● **Data supplied**:

- Opening Delimiter -

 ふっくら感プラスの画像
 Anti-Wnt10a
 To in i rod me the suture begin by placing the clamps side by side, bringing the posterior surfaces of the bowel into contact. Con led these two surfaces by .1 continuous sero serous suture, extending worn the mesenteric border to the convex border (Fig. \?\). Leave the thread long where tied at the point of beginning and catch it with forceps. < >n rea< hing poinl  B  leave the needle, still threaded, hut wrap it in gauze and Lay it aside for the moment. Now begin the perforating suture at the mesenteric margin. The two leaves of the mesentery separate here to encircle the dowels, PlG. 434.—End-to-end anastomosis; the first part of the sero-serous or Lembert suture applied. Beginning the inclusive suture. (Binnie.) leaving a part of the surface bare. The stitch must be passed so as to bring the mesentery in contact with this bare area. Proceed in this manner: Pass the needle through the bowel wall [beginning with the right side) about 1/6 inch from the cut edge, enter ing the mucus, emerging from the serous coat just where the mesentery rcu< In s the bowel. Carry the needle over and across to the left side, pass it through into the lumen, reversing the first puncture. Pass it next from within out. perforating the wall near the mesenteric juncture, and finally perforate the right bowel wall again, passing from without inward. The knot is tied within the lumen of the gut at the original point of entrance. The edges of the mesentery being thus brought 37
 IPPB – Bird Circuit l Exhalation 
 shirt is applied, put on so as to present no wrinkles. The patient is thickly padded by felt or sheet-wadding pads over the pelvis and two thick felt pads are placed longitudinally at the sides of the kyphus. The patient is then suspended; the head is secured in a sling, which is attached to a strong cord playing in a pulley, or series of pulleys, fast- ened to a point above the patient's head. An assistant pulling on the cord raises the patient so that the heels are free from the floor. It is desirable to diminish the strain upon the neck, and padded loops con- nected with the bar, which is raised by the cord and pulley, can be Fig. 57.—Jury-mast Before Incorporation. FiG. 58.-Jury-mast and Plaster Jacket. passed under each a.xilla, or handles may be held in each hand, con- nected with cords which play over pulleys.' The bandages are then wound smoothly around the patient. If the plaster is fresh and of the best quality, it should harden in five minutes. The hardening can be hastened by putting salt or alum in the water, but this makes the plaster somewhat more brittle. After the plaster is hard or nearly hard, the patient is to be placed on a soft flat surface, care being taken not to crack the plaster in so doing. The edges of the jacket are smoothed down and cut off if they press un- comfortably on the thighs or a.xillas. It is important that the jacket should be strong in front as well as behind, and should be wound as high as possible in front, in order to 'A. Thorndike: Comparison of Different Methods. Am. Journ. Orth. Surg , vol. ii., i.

- Closing Delimiter -

● **Exercise description**:
Could you copy out every record above exactly as it appears?

● **Answer section**:
 ふっくら感プラスの画像
 Anti-Wnt10a
 To in i rod me the suture begin by placing the clamps side by side, bringing the posterior surfaces of the bowel into contact. Con led these two surfaces by .1 continuous sero serous suture, extending worn the mesenteric border to the convex border (Fig. \?\). Leave the thread long where tied at the point of beginning and catch it with forceps. < >n rea< hing poinl  B  leave the needle, still threaded, hut wrap it in gauze and Lay it aside for the moment. Now begin the perforating suture at the mesenteric margin. The two leaves of the mesentery separate here to encircle the dowels, PlG. 434.—End-to-end anastomosis; the first part of the sero-serous or Lembert suture applied. Beginning the inclusive suture. (Binnie.) leaving a part of the surface bare. The stitch must be passed so as to bring the mesentery in contact with this bare area. Proceed in this manner: Pass the needle through the bowel wall [beginning with the right side) about 1/6 inch from the cut edge, enter ing the mucus, emerging from the serous coat just where the mesentery rcu< In s the bowel. Carry the needle over and across to the left side, pass it through into the lumen, reversing the first puncture. Pass it next from within out. perforating the wall near the mesenteric juncture, and finally perforate the right bowel wall again, passing from without inward. The knot is tied within the lumen of the gut at the original point of entrance. The edges of the mesentery being thus brought 37
 IPPB – Bird Circuit l Exhalation 
 shirt is applied, put on so as to present no wrinkles. The patient is thickly padded by felt or sheet-wadding pads over the pelvis and two thick felt pads are placed longitudinally at the sides of the kyphus. The patient is then suspended; the head is secured in a sling, which is attached to a strong cord playing in a pulley, or series of pulleys, fast- ened to a point above the patient's head. An assistant pulling on the cord raises the patient so that the heels are free from the floor. It is desirable to diminish the strain upon the neck, and padded loops con- nected with the bar, which is raised by the cord and pulley, can be Fig. 57.—Jury-mast Before Incorporation. FiG. 58.-Jury-mast and Plaster Jacket. passed under each a.xilla, or handles may be held in each hand, con- nected with cords which play over pulleys.' The bandages are then wound smoothly around the patient. If the plaster is fresh and of the best quality, it should harden in five minutes. The hardening can be hastened by putting salt or alum in the water, but this makes the plaster somewhat more brittle. After the plaster is hard or nearly hard, the patient is to be placed on a soft flat surface, care being taken not to crack the plaster in so doing. The edges of the jacket are smoothed down and cut off if they press un- comfortably on the thighs or a.xillas. It is important that the jacket should be strong in front as well as behind, and should be wound as high as possible in front, in order to 'A. Thorndike: Comparison of Different Methods. Am. Journ. Orth. Surg , vol. ii., i.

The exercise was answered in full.